In this project, RMSNorm appears inside the Decoder Block in two places:

h = x + self.attention(self.norm1(x), freqs_complex)
out = h + self.ffwd(self.norm2(h))

Here, norm1 and norm2 are both RMSNorm layers. They normalize activations before passing them into attention and feedforward sublayers. This is known as a Pre-Norm Transformer design (normalize before the sublayer, then add the residual).
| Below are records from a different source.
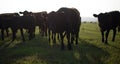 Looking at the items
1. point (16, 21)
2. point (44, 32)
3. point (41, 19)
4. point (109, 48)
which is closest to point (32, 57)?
point (109, 48)

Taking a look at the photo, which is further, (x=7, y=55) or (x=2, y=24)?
(x=2, y=24)

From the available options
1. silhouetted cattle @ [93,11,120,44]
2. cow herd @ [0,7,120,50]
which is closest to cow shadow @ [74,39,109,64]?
cow herd @ [0,7,120,50]

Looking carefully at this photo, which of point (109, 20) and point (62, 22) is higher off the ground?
point (62, 22)

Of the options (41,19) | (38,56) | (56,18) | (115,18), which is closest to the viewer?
(38,56)

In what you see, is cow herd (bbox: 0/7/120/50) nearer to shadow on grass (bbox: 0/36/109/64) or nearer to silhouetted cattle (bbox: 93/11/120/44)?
silhouetted cattle (bbox: 93/11/120/44)

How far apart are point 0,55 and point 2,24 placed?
7.93 metres

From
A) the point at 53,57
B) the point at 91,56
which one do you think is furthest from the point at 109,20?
the point at 53,57

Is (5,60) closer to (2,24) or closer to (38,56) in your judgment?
(38,56)

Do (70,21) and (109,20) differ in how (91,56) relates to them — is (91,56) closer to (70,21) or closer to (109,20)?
(70,21)

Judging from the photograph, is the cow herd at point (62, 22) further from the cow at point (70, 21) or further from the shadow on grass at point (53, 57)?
the shadow on grass at point (53, 57)

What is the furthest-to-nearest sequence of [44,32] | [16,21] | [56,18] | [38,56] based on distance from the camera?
1. [44,32]
2. [16,21]
3. [56,18]
4. [38,56]

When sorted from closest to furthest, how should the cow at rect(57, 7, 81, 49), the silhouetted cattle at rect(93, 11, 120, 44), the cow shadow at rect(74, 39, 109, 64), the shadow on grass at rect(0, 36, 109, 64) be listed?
1. the shadow on grass at rect(0, 36, 109, 64)
2. the cow shadow at rect(74, 39, 109, 64)
3. the cow at rect(57, 7, 81, 49)
4. the silhouetted cattle at rect(93, 11, 120, 44)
Pre-Norm improves gradient flow compared to the original Post-Norm design.


Summary

  • Normalization stabilizes deep networks, preventing exploding/vanishing activations.
  • Transformers originally used LayerNorm, which re-centers and re-scales each hidden vector.
  • RMSNorm drops the mean subtraction, keeping only the re-scaling step.
  • Despite being simpler, RMSNorm works just as well (sometimes better) and is used in LLaMA and your implementation.
  • In SimpleLLaMA, RMSNorm ensures stable training across all decoder blocks while keeping the implementation lightweight.